> _TASK REQUIREMENTS_: Once you have reviewed the listing below, restate it word for word.

> _DATASET RECORDS_:
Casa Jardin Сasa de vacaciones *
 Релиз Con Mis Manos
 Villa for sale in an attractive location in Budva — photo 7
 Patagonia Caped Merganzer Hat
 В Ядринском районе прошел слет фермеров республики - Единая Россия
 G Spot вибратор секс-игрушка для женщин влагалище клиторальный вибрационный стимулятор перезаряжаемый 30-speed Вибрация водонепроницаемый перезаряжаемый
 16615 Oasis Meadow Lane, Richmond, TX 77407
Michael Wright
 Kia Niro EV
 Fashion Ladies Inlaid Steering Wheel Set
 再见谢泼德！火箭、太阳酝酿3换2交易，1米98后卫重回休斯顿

> _RESPONSE BOX_:
Casa Jardin Сasa de vacaciones *
 Релиз Con Mis Manos
 Villa for sale in an attractive location in Budva — photo 7
 Patagonia Caped Merganzer Hat
 В Ядринском районе прошел слет фермеров республики - Единая Россия
 G Spot вибратор секс-игрушка для женщин влагалище клиторальный вибрационный стимулятор перезаряжаемый 30-speed Вибрация водонепроницаемый перезаряжаемый
 16615 Oasis Meadow Lane, Richmond, TX 77407
Michael Wright
 Kia Niro EV
 Fashion Ladies Inlaid Steering Wheel Set
 再见谢泼德！火箭、太阳酝酿3换2交易，1米98后卫重回休斯顿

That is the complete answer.